━━ Dataset excerpt ━━

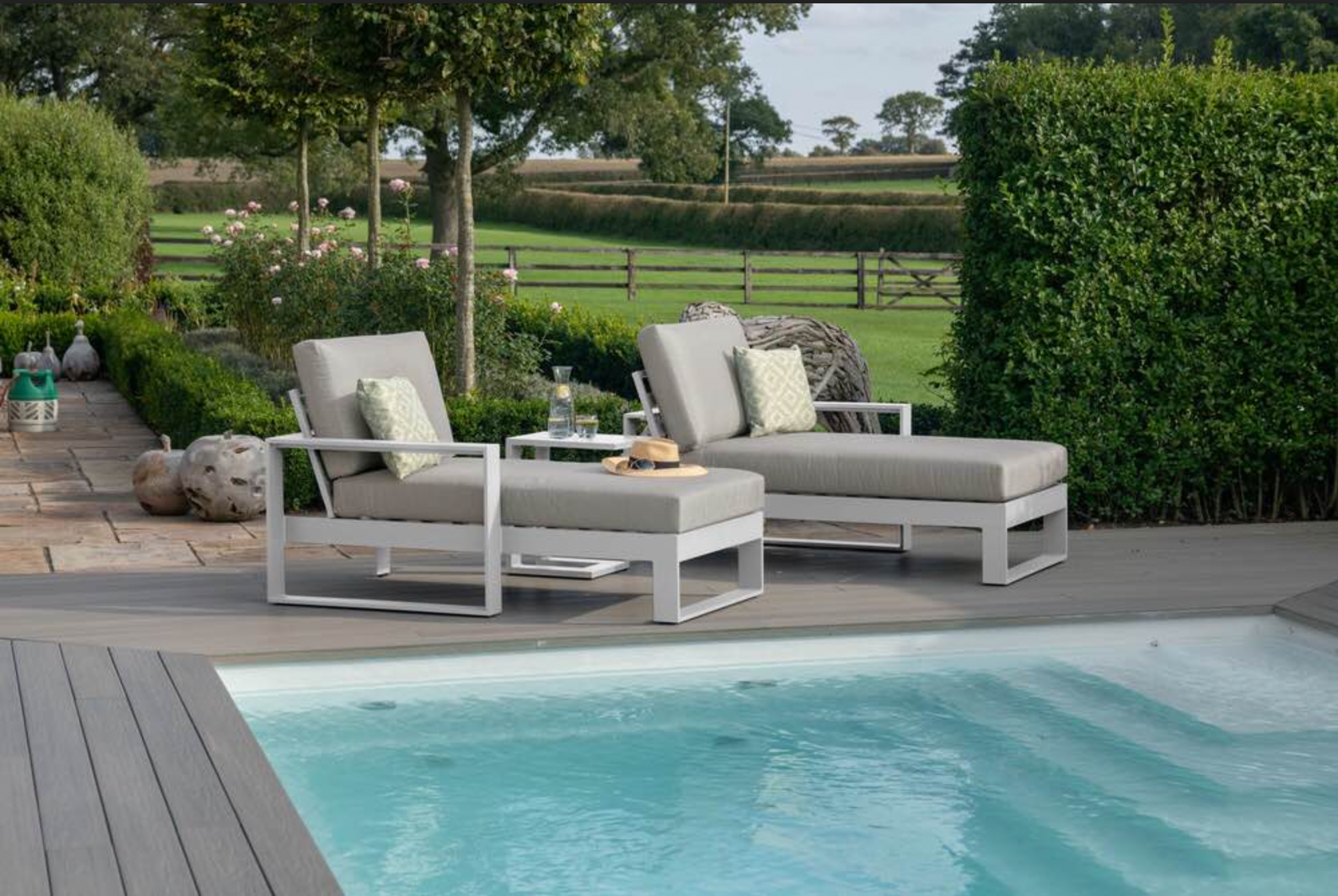 3 Pc Mandarin Balcony Set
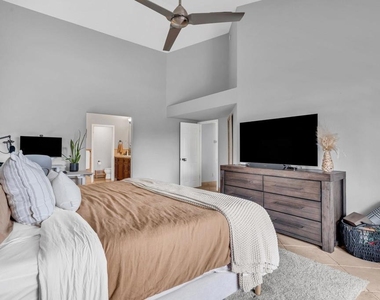 5331 Emerald Court - Photo Thumbnail 18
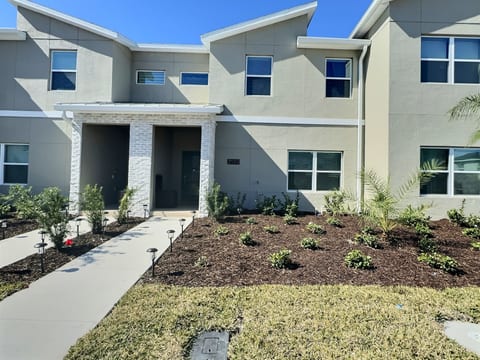 ST2592-BRANDNEW Luxury 12/2023 ☆☆☆☆☆ Pvt Pool♥Storey Lake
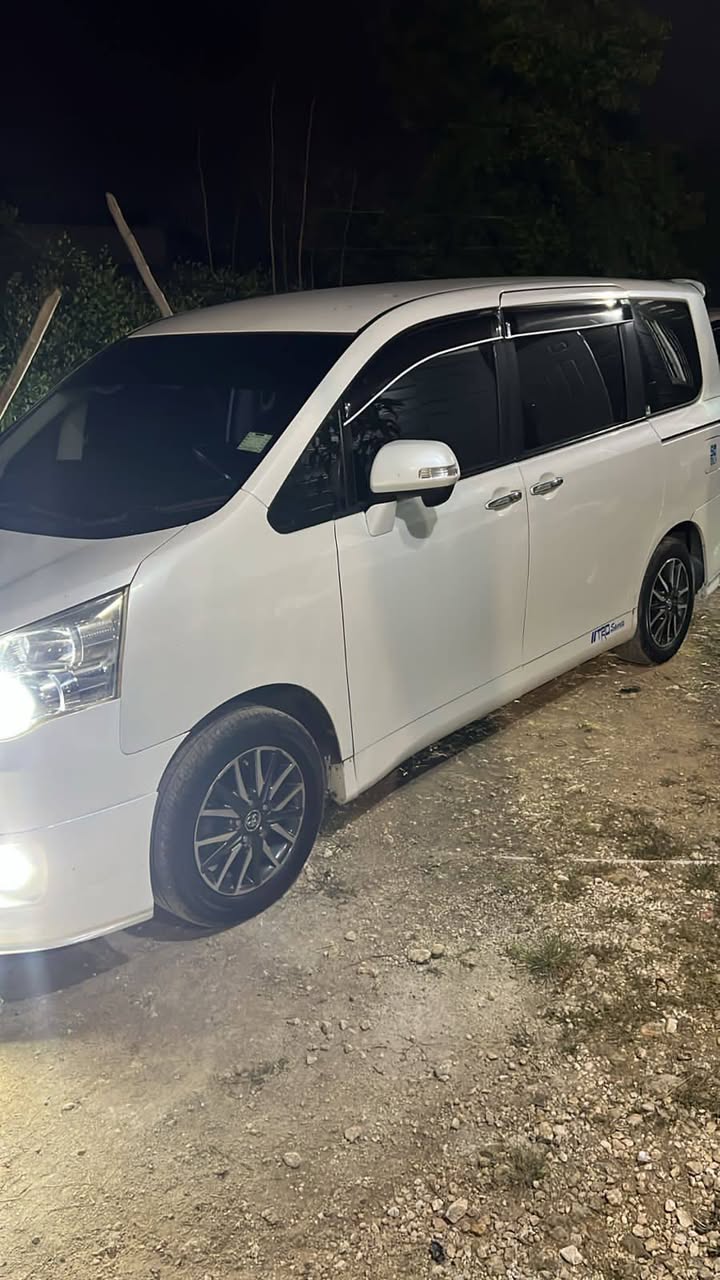 used toyota noah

━━━

Work to be completed
Please retype the data exactly. The pictures do not go in.

Task output
 3 Pc Mandarin Balcony Set
 5331 Emerald Court - Photo Thumbnail 18
 ST2592-BRANDNEW Luxury 12/2023 ☆☆☆☆☆ Pvt Pool♥Storey Lake
 used toyota noah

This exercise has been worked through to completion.